-- GIVEN ENTRIES follows --
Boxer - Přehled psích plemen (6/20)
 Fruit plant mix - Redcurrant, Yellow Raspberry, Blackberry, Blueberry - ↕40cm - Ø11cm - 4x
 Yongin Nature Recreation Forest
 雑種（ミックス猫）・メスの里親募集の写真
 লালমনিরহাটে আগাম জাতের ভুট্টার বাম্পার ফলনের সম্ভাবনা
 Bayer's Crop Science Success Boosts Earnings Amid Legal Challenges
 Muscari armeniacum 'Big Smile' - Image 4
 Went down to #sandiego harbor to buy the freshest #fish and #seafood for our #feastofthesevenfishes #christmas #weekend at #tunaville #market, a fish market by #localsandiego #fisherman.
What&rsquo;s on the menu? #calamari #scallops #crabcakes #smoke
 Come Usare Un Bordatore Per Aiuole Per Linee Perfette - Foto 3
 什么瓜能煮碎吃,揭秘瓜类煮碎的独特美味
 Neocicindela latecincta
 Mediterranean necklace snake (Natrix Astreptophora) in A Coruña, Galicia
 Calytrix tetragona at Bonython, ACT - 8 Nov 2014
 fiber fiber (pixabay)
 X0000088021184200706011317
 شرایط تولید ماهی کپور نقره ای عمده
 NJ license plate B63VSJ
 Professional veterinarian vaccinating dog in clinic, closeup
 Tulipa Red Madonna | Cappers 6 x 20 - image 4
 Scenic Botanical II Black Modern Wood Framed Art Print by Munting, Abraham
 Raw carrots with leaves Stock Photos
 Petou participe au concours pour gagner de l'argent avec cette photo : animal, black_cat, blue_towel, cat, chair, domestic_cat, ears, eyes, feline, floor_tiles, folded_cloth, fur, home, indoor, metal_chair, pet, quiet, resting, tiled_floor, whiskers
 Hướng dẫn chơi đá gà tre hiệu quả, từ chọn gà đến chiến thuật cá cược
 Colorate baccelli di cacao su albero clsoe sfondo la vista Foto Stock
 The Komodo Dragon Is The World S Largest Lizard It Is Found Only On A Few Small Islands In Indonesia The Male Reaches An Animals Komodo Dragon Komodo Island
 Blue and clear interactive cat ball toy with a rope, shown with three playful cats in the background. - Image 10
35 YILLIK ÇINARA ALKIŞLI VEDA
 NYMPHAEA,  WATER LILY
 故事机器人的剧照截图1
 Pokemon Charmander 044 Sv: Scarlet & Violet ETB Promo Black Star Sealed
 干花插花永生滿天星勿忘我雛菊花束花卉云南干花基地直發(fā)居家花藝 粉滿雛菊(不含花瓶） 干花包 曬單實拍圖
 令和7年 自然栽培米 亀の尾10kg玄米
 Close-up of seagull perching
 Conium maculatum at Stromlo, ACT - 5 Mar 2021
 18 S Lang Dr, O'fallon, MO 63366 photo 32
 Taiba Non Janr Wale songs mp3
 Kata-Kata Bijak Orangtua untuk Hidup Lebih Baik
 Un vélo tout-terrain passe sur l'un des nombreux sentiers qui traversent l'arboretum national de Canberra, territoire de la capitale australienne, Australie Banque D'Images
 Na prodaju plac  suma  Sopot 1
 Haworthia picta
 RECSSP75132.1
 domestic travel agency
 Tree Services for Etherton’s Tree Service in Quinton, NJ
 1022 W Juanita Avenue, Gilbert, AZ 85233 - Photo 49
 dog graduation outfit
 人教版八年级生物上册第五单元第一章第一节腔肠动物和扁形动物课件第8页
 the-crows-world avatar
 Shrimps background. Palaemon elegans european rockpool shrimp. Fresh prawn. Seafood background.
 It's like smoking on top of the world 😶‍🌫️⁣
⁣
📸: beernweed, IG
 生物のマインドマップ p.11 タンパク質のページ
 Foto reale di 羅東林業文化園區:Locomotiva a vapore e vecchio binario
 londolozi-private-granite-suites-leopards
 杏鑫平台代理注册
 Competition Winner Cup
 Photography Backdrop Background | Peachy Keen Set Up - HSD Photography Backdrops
-- GIVEN ENTRIES concluded --
*TO DO*. Print the lines above from the one with "Went down to" through the one with "Neocicindela latecincta", both included, exactly as written and nothing more.

*ANSWER TO THIS EXERCISE*.
 Went down to #sandiego harbor to buy the freshest #fish and #seafood for our #feastofthesevenfishes #christmas #weekend at #tunaville #market, a fish market by #localsandiego #fisherman.
What&rsquo;s on the menu? #calamari #scallops #crabcakes #smoke
 Come Usare Un Bordatore Per Aiuole Per Linee Perfette - Foto 3
 什么瓜能煮碎吃,揭秘瓜类煮碎的独特美味
 Neocicindela latecincta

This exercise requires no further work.